◆ PROBLEM TO WORK ON
An exact copy of all records is expected, minus the images.

Start of Block

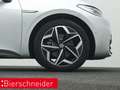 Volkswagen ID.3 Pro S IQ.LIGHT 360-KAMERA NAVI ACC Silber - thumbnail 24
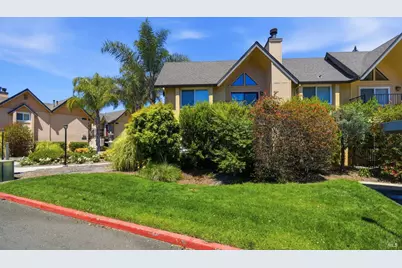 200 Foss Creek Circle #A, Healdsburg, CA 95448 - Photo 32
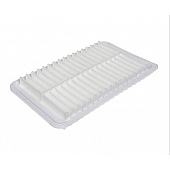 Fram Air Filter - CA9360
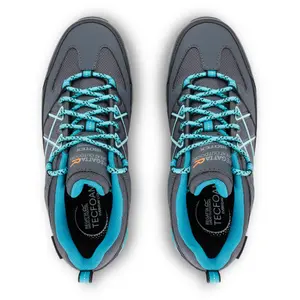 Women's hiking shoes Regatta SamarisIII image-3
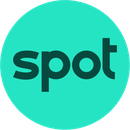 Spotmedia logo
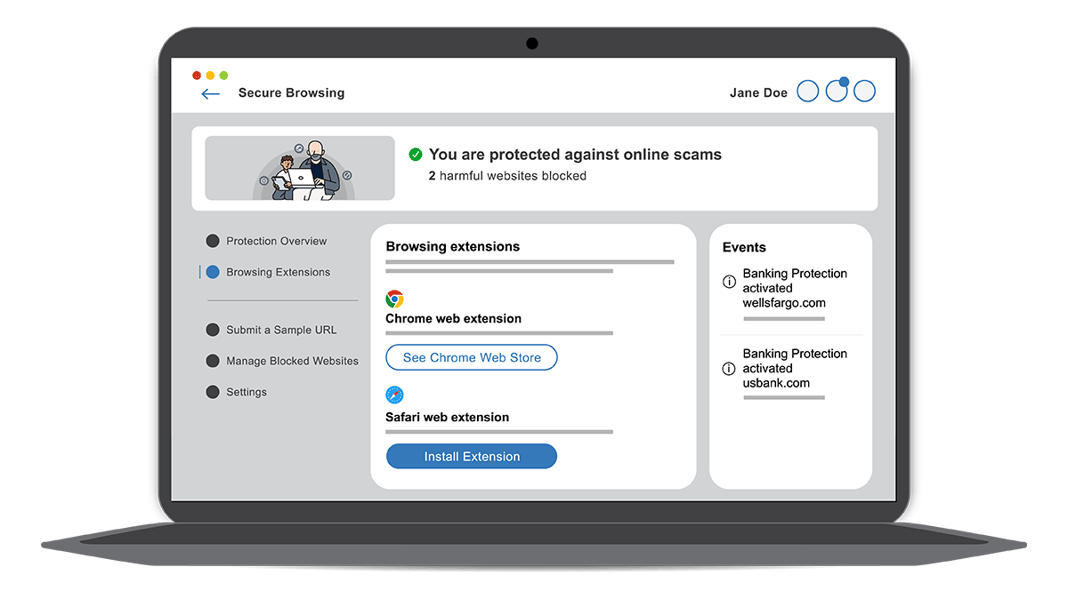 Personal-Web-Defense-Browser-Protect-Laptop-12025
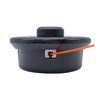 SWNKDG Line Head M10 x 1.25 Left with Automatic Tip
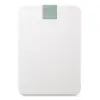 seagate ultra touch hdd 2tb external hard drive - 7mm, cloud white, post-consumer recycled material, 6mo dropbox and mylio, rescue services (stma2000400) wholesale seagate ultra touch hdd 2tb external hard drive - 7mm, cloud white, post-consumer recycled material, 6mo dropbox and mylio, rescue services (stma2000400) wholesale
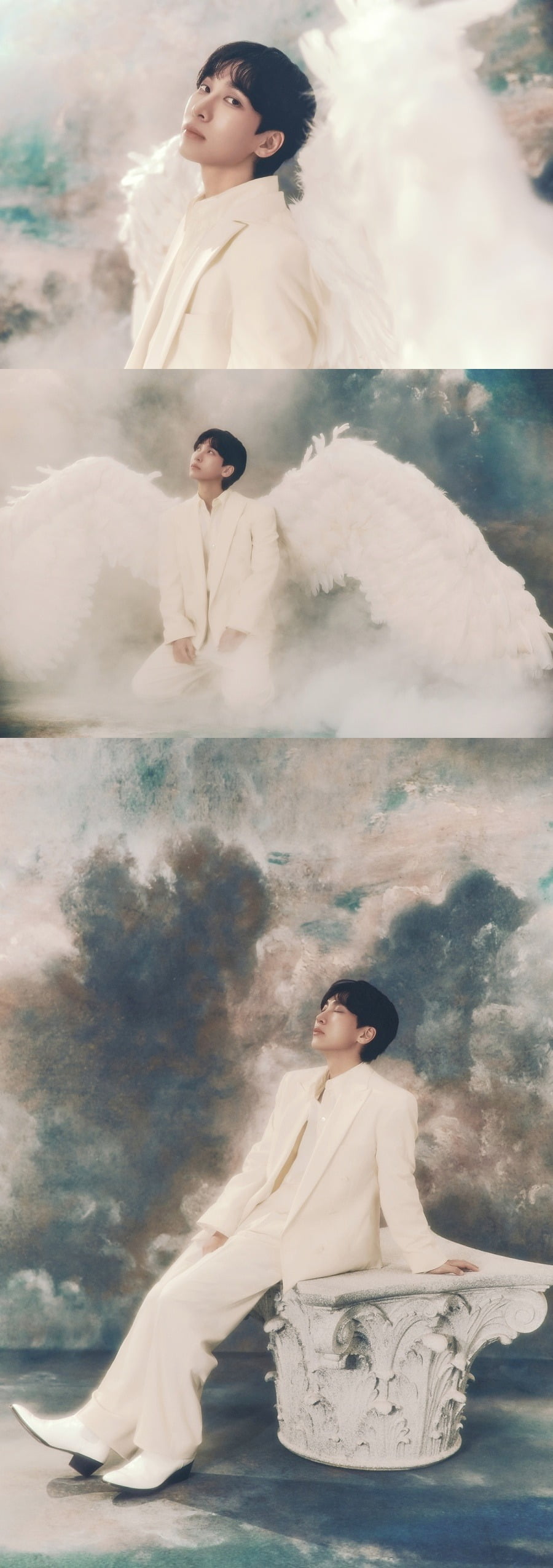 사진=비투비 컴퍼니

End of Block

◆ WRITTEN ANSWER
 Volkswagen ID.3 Pro S IQ.LIGHT 360-KAMERA NAVI ACC Silber - thumbnail 24
 200 Foss Creek Circle #A, Healdsburg, CA 95448 - Photo 32
 Fram Air Filter - CA9360
 Women's hiking shoes Regatta SamarisIII image-3
 Spotmedia logo
 Personal-Web-Defense-Browser-Protect-Laptop-12025
 SWNKDG Line Head M10 x 1.25 Left with Automatic Tip
 seagate ultra touch hdd 2tb external hard drive - 7mm, cloud white, post-consumer recycled material, 6mo dropbox and mylio, rescue services (stma2000400) wholesale seagate ultra touch hdd 2tb external hard drive - 7mm, cloud white, post-consumer recycled material, 6mo dropbox and mylio, rescue services (stma2000400) wholesale
 사진=비투비 컴퍼니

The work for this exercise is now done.